The statue has been beheaded twice, first in April last year, after which the head was restored, but I was involved and wrongly prosecuted for the second attempt in June last year.
With the verdict, a chapter in the story of this incident has been concluded and I will explain my thoughts on the outcome.
The court dismissed the public indictment for the following reasons:
First, the statue does not belong to the Parks and Street Lights Office of the Taipei Public Works Department.
Second, as the office is not a public juridical person, it cannot act as a complainant under the Criminal Code.
Third, the statue’s function — allowing people to pay their respects to Chiang — was not diminished.
I would like to thank presiding judge Kuo Hui-ling (郭惠玲) for allowing Kuo and myself to escape prosecution by Taipei’s Chinese bureaucrats and for providing assurance to future activists who also want to eliminate the symbols and monuments of foreign Chinese colonizers.
There are many Chiang statues and other relics of the Chinese colonizers — just like the one on Yangmingshan, erected in public spaces by people who want to fawn over Chiang and his son Chiang Ching-kuo (蔣經國) and the Chinese Nationalist Party (KMT) — that are neither registered as public property, nor belong to a government agency.
They are large pieces of scrap occupying public space.
Clearing away large pieces of scrap that destroy Taiwan’s international image and take up space that could be used for local monuments is the best possible reason for removing and destroying Chiang statues and other relics of the Chinese colonizers.
In addition, the judge’s opinion could be an effective weapon for other people taking action against the symbols of the Chinese colonizers when they need to counter the party-state judiciary and Chinese bureaucrats.
It is gratifying to encounter a judge of conscience, but the party-state judiciary was designed to serve the interests of the alien Chinese colonial regime and it has created a small, closed circle in which judges capable of safeguarding the colonizer’s interests are more likely to pass through the selection process, and take up more influential positions.
This also means that people who refuse to serve the alien Chinese colonizer’s interests are under pressure and given more marginalized positions.

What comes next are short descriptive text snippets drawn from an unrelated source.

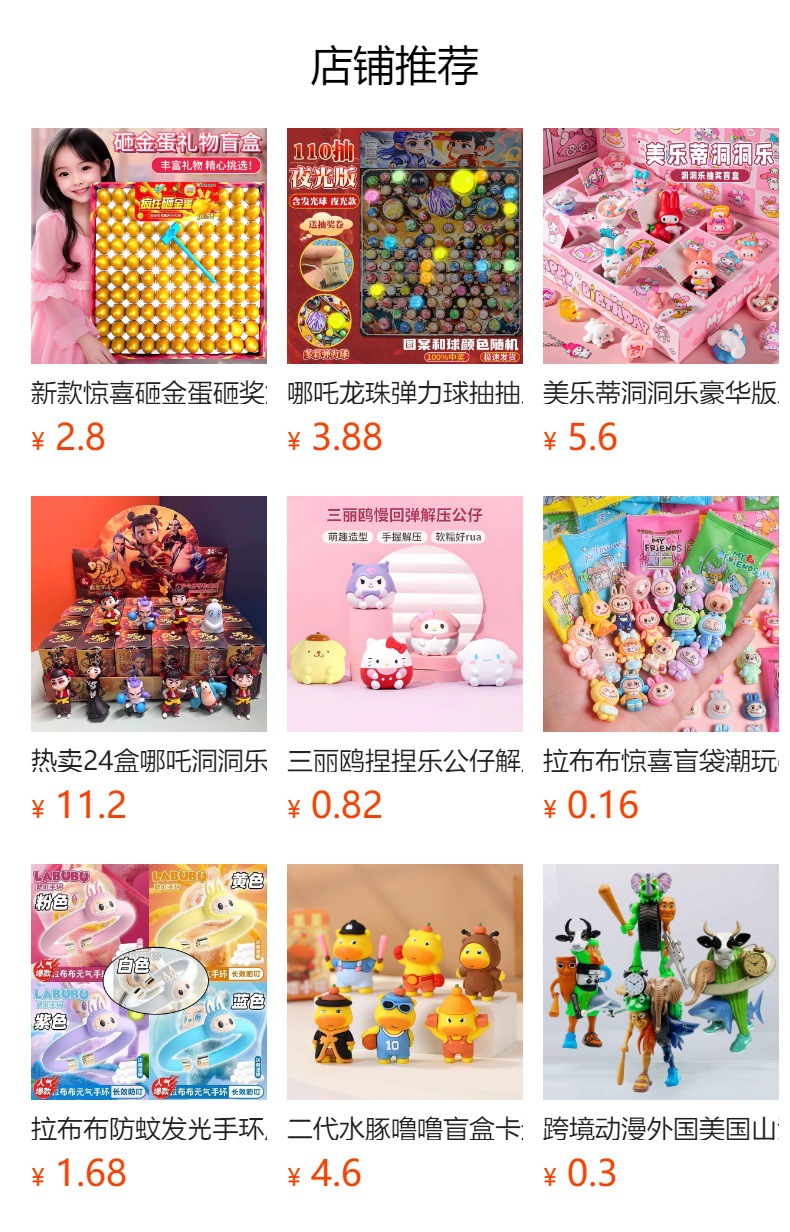 预览状态下无法点击,发布后,可点击跳转到对应的商品页面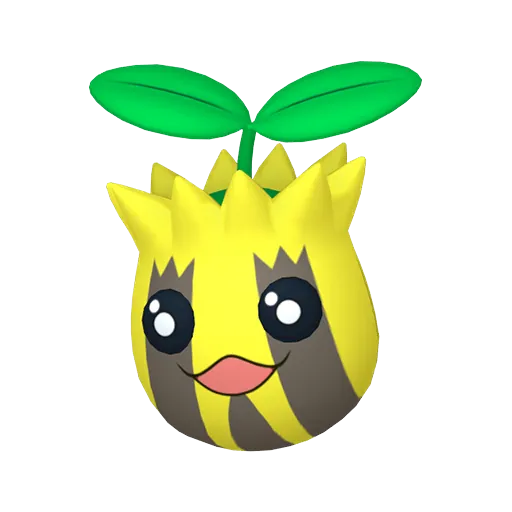 向日種子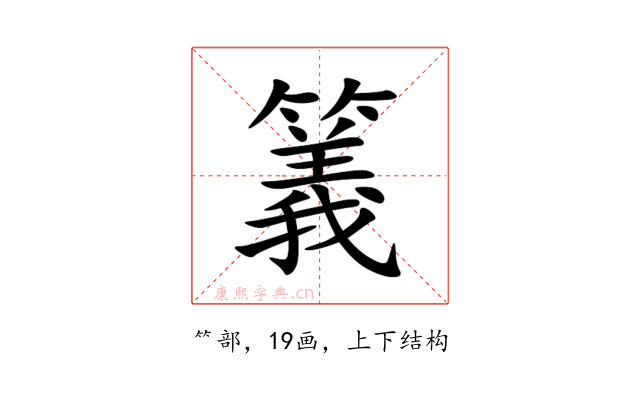 䉝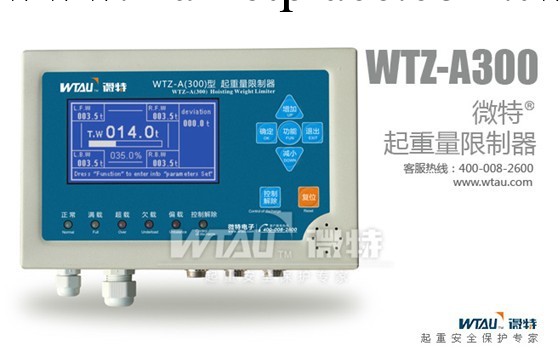 天車超載控制系統 微特電子WTZ系列天車超載控制系統工廠,批發,進口,代購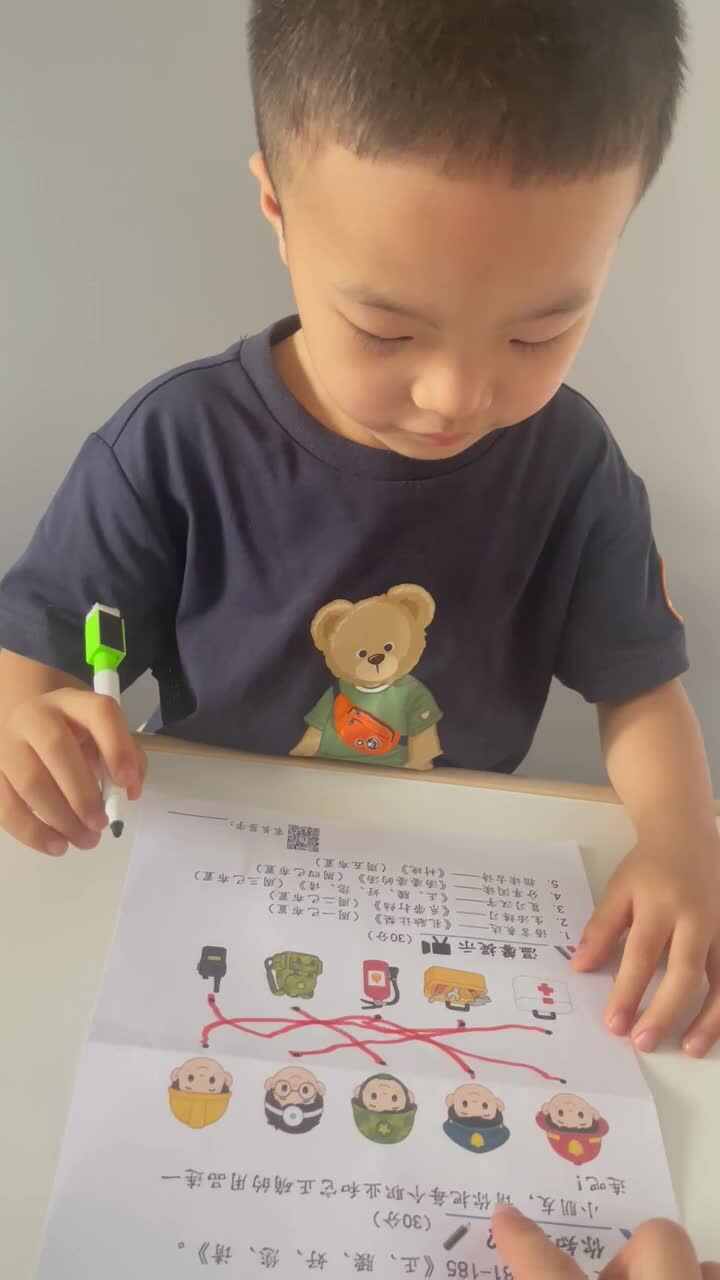 连线相应的职业和工具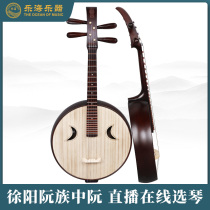 DWZ1 mountain Elm old mahogany steel Royal Noble headdress Ruan Zong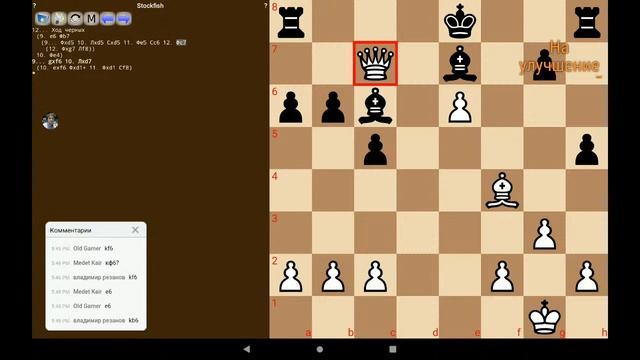 Атака на нерокированного короля. Прямой удар. 2 разряд. смотреть онлайн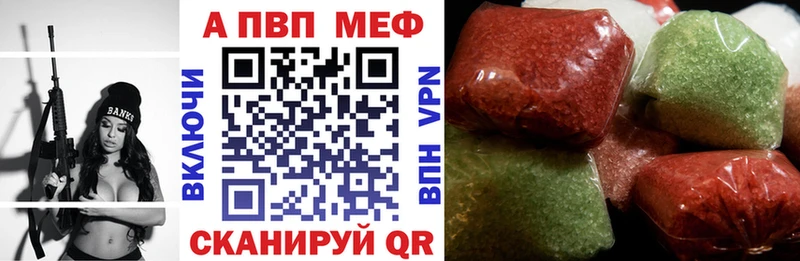  COCAIN Беслан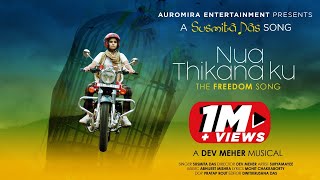 Nua ThikanaKu  Freedom Song  Independence Day Song Susmita Das  Suryamayee  Biker Video [upl. by Enialahs]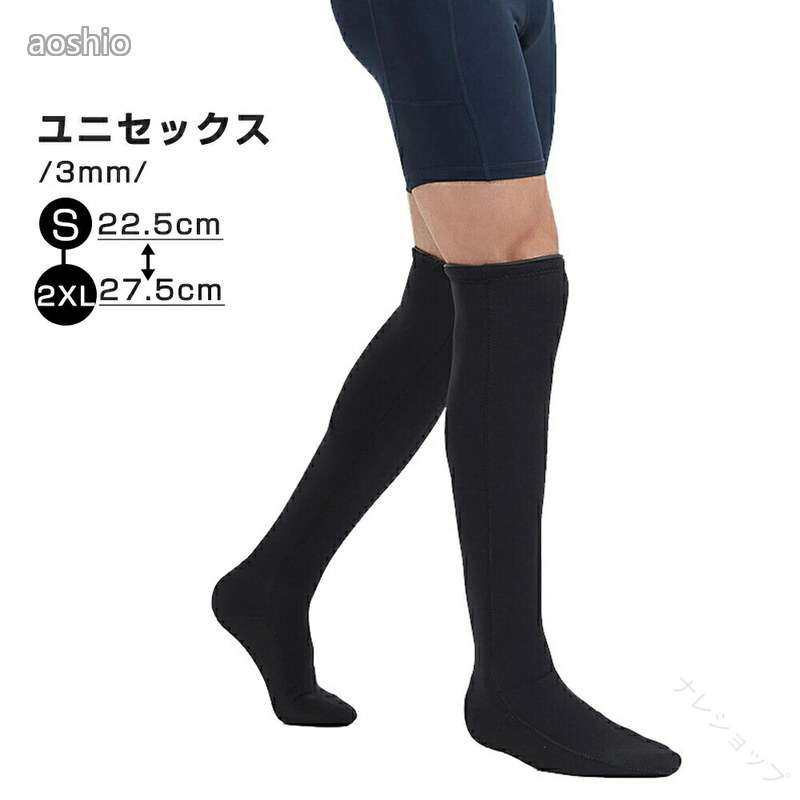 メンズ レディース フィンソックス ハイカット 3mm ロング丈 ダイビングソックス ハイソックス サーフィン 靴下 水泳 水着 マリンスポーツ ネオプレ ビキニウェア UVカット サーフ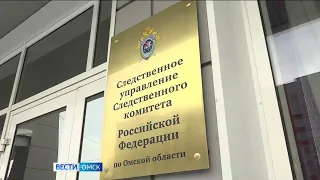 Сотрудники следственного комитета отмечают профессиональный праздник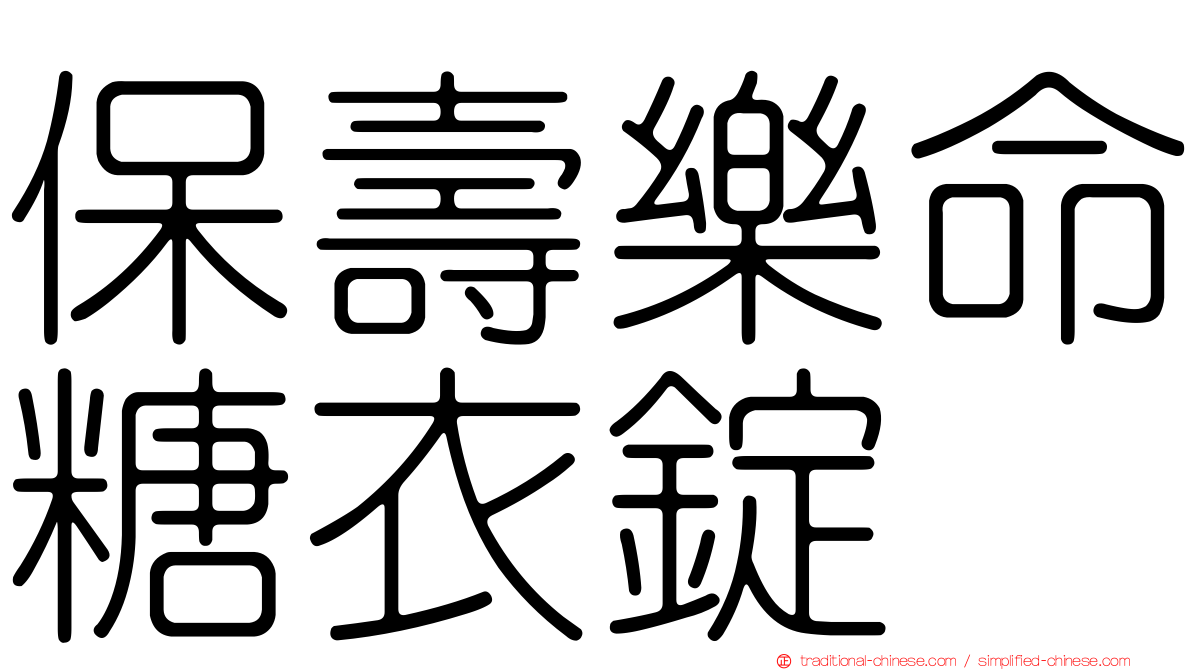 保壽樂命糖衣錠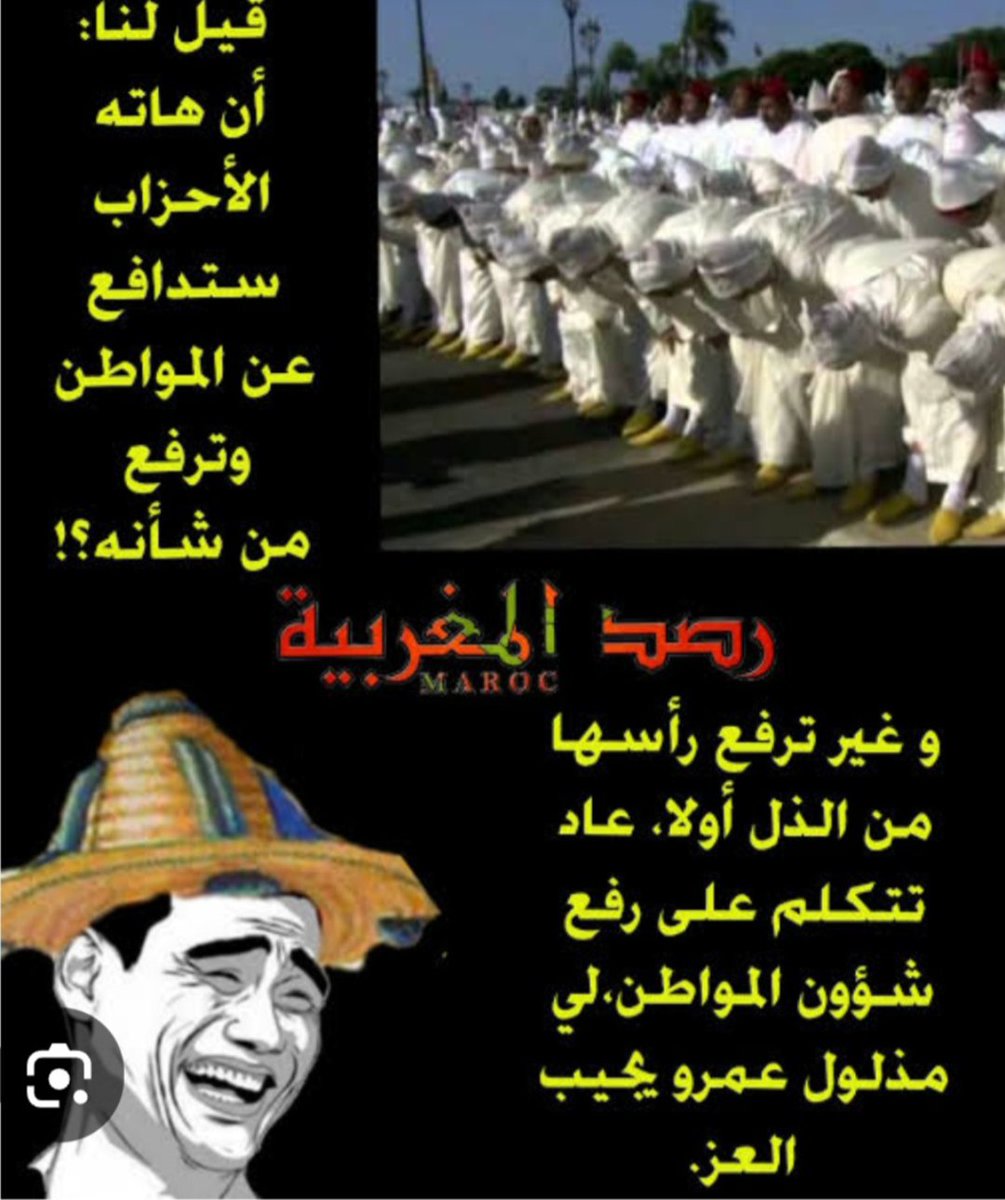 kada_benamar2's tweet photo. @KaitouniId13706 @AMMAR99804189 حياتك تبقي تركع لسيدك وعايش فالدل https://t.co/8eNVgezWRx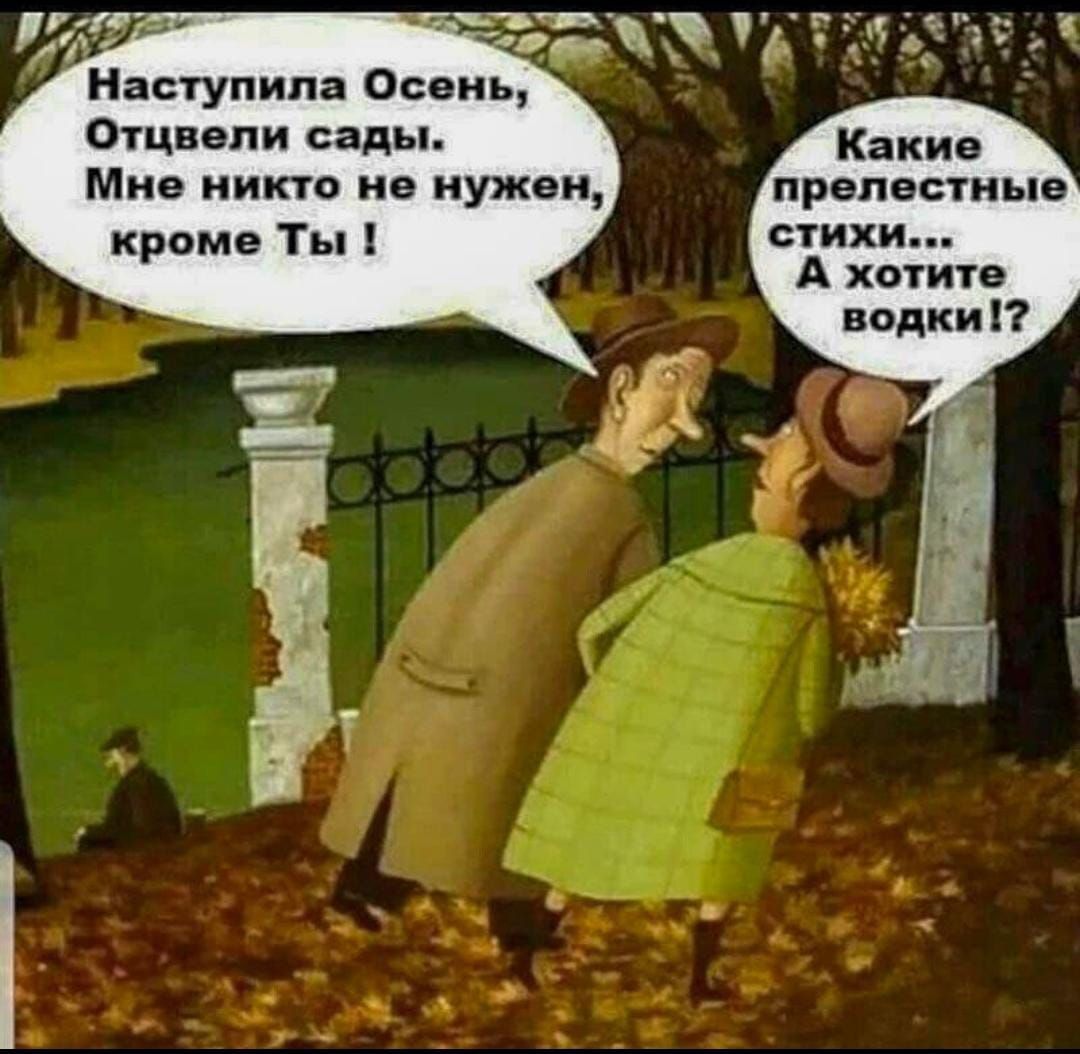 Наступила Осень Отцвели сад Мне никто не нужен кроме Ты А хотите водки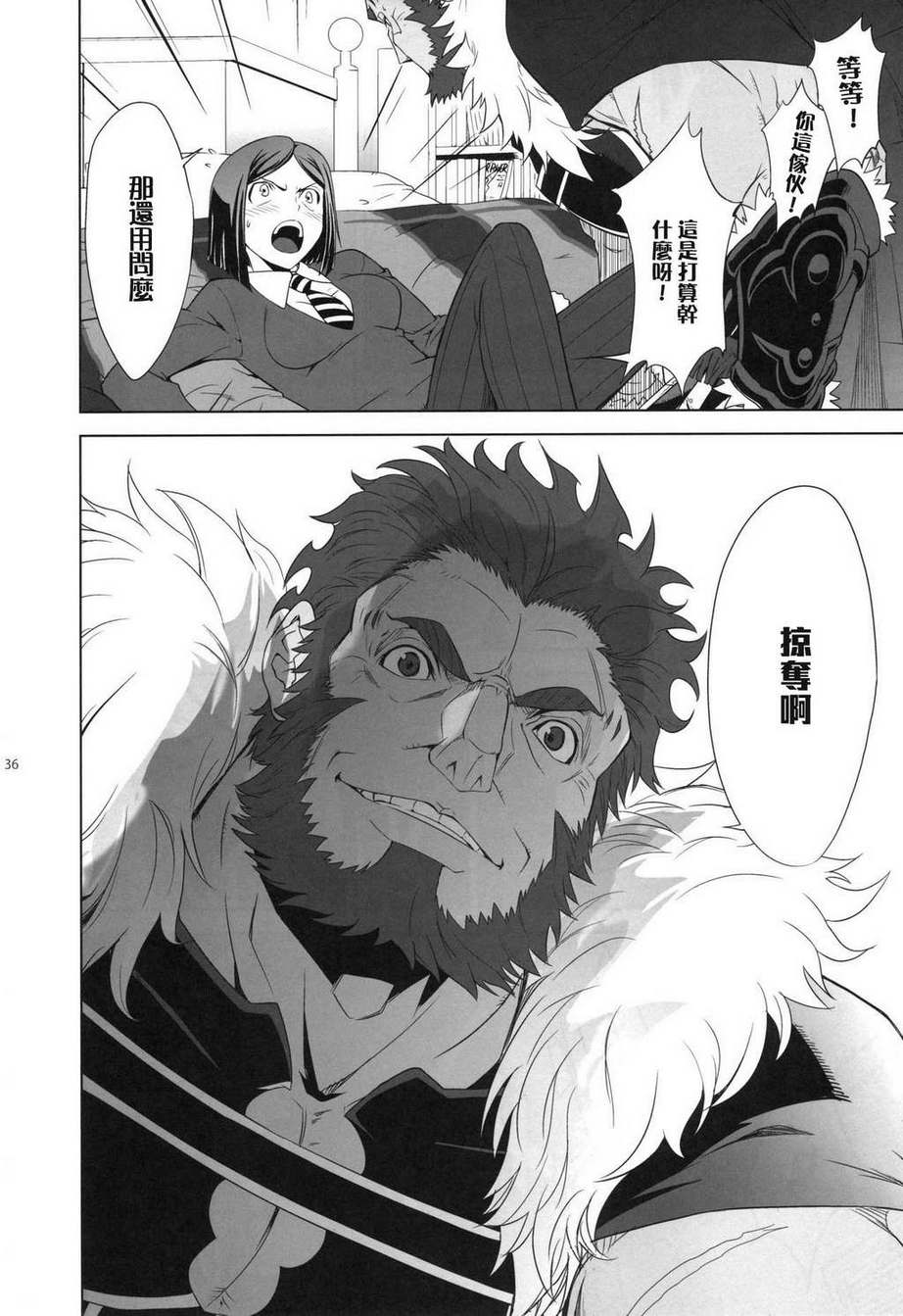 T-MOON COMPLEX ZERO韩漫全集-全一话无删减无遮挡章节图片 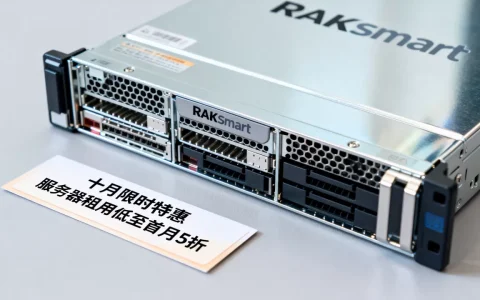 RAKsmart十月活动真的便宜吗？RAKsmart服务器租用多少钱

Consequently, individual judges with a conscience can normally do very little other than to partly and temporarily paralyze the party-state judiciary’s ability to suppress Taiwanese, but they are unable to fundamentally rectify various injustices imposed upon the nation.
The necessity to overturn the party-state judiciary and rebuild Taiwan’s judiciary from the ground up must not be ignored just because I was lucky.
Bak-tsan Ko took part in an attempt to decapitate a Chiang Kai-shek statue in Yangmingshan National Park.